I will admit, and I do so with the solemnity of a person who once negotiated a ceasefire between two rival breakfast cereals, that Bacon Brûlée with Charred Summer Fruit & Herbed Ricotta did not arrive fully formed. It began as an act of culinary defiance: a broody Tuesday, a sack of half-inch-thick bacon that looked at me like a dare, and a jar of maple syrup that insisted on being taken seriously. I roasted the bacon in the oven until the edges sang, brushed it with maple spiked with a teaspoon of sriracha (the only sensible way to tell sweet it’s game time), and, in a moment of inspired recklessness, dusted it with smoked paprika and pepper before torching it until it surrendered its secrets in caramelized, crackling glory. A neighborhood watch volunteer later testified she heard angels applauding.

The fruit, which could have been content to be merely pretty, went rogue. I wrestled peaches and plums onto the grill and coaxed out that smoky, almost conspiratorial char that makes fruit confess its true summer self. The herbs for the ricotta were plucked from a window box that had been personally coached in resilience by me; the cheese was whipped until it became a pillow that knew exactly how to cradle smoky bacon shards and sticky maple shards with the dignity of a diplomat. The components came together like a cast reunion where everyone is allowed to bring their favourite feral condiment — tang, smoke, sweet, heat, and a creamy lullaby.

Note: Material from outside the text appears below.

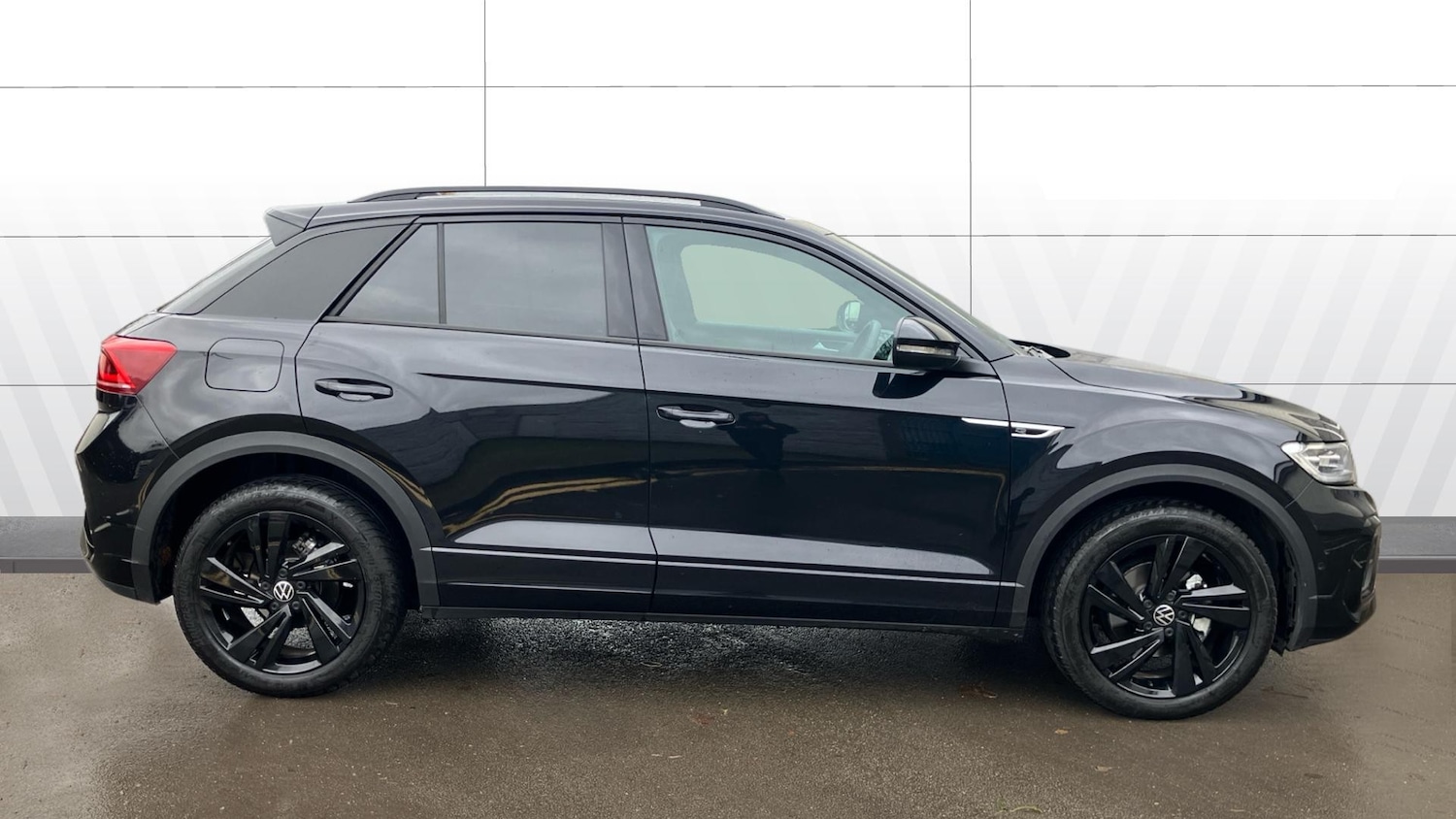 Used Volkswagen T-Roc 2025 for sale - 77233557: Photo 5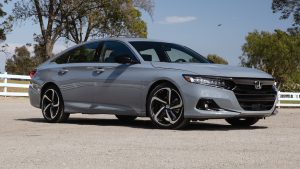 Lee más sobre el artículo 2021 Honda Accord Sport 2.0T Primera prueba: el sedán mediano con un corazón de captura caliente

People ask where I learned to balance such audacious flavors. I tell them the truth: in the school of glorious accidents and one very memorable brunch where I was asked to "do something spectacular" and the host only meant "make the toast fashionable." This is not just a dish; it is a proposal to your palate, sealed with a crackle and a torch kiss. Serve it when you want guests to suspect you spent days refining technique, rather than the truth: I spent one afternoon inventing an argument that bacon and summer fruit were always meant for each other, and they finally agreed.